A woman rolls a water-filled jerrican in Nawamor, Turkana. Photo: Emmanuel Albert/Oxfam
Women bare the disproportionate burden
In Turkana, fetching water is rarely a shared duty. It falls, overwhelmingly, on women and girls. When the borehole in Nawamor broke down eight months before the 2025 rehabilitation, getting water meant a three-hour round trip on foot to a shallow hand-dug well shared with cattle. During a flood or a breakdown, the effect of that labour becomes brutal. Women carrying 20-litre jerry cans navigate terrain that is waterlogged, unstable, and in rainy season often cut off by swollen seasonal rivers. Several women in the area run small enterprises: selling goods at market, drying and selling fish. When a water source fails, women replace working hours with walking, and their businesses stop.
In early 2025, Oxfam Kenya partnered with Davis and Shirtliff, one of East Africa's foremost water infrastructure firms, to rehabilitate twenty strategic boreholes across Turkana before the dry season peaked and flood risks mounted again. The initiative was designed to break the breakdown cycle: not by responding to a crisis already underway, but by rehabilitating infrastructure before communities had to go without.
The choice of what to build was itself a lesson learned from failure. Early guidance had suggested cylindrical borehole chambers, reasoning that rounded walls distribute hydraulic pressure more evenly. But field teams found a consistent problem: the curved geometry defeated local masons. Misaligned joints, weak seals, early deterioration. The square chambers the masons built with their own practiced hands were stronger, because they were built well.
This finding now shapes the recommendations coming out of the Turkana flood-proofing project: square chambers, locally sourced blocks, and a 1.5-2.0 metre chamber height above ground level that has proven, in repeated assessments, to be the threshold between survival and structural failure.
Adamson Samuel (draped in a red fabric), a community member, and Mercy Kieni; Oxfam Kenya's WaSH Lead inspecting a newly established borehole chamber in Moruese village, Turkana. Photo: Emmanuel Albert/Oxfam
The interventions are layered. Above the masonry chamber, a lockable, corrosion-protected steel hatch secures the wellhead and electrical components. Around the base, drainage slopes and soak pits prevent the pooling that leads to apron deterioration. And beyond that, a chain-link fence marks a clear perimeter. Because flooding, the project found, has a secondary effect that is rarely discussed: it enables vandalism. Floodwaters physically reduce the distance between people and borehole infrastructure. Boreholes once inconvenient to reach become easily accessible in high water. Electrical components and wellhead cover disappeared from unprotected sites. The fence is not just a security measure.
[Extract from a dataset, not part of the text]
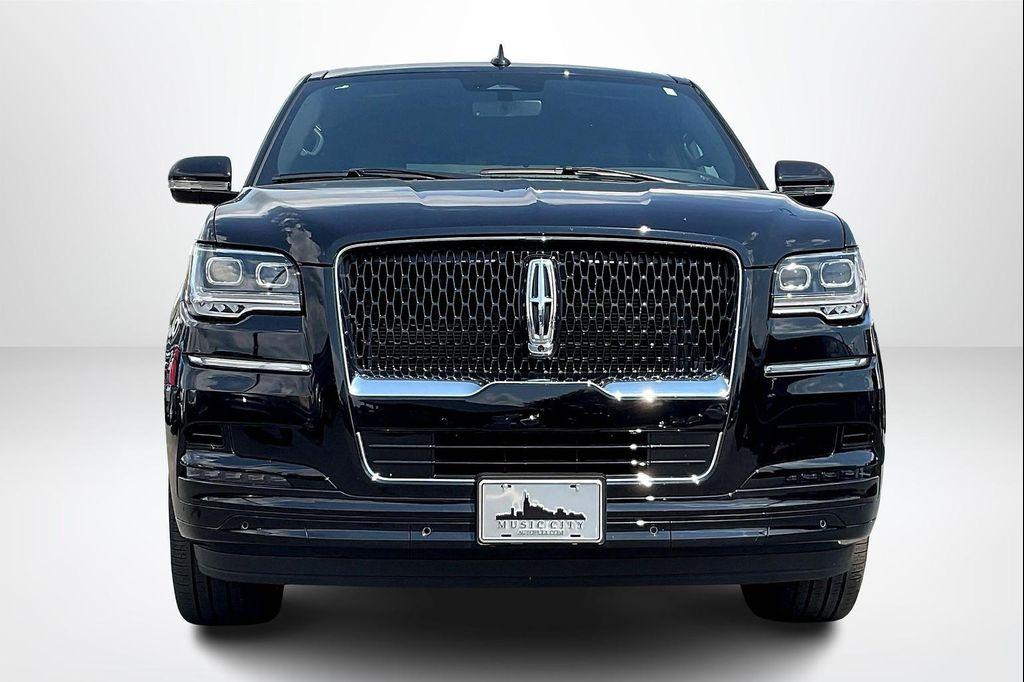 used 2024 Lincoln Navigator car, priced at $71,765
It is a climate-resilience intervention.
New water tank, solar panel, borehole chamber, and fence installed in Loima, Turkana. Photo: Emmanuel Albert/Oxfam
Back in Moruese, the flood has been gone for three weeks. The Moruese community borehole, one of the twelve rehabilitated under the Oxfam Kenya and German Federal Foreign Office flood-proofing project, stands behind a new chain-link fence, its chamber rising above the cracked clay ground.
Ekai Adamson walks past it on his way to school each morning. He notices that the water tastes cleaner than it did before the rehabilitation. He notices that the pump has not broken down since the rain came. He notices that most of the students are back in school. He notices that women who used to carry water from a distant point now fill their jerry cans here, close to home.
A Moruese Commuunity member drinking water from the newly established water point in Moruese. Photo: Emmanuel Albert/Oxfam.
Most of the community are not sure of all the technical reasons why the borehole survived the flood when it did not before. The masonry walls. The raised wellhead. The drainage slopes. The locked hatch. The fence. The technician who checks before it breaks, and the committee chair who keeps the notebook.
They just know it works. And for them, that is everything.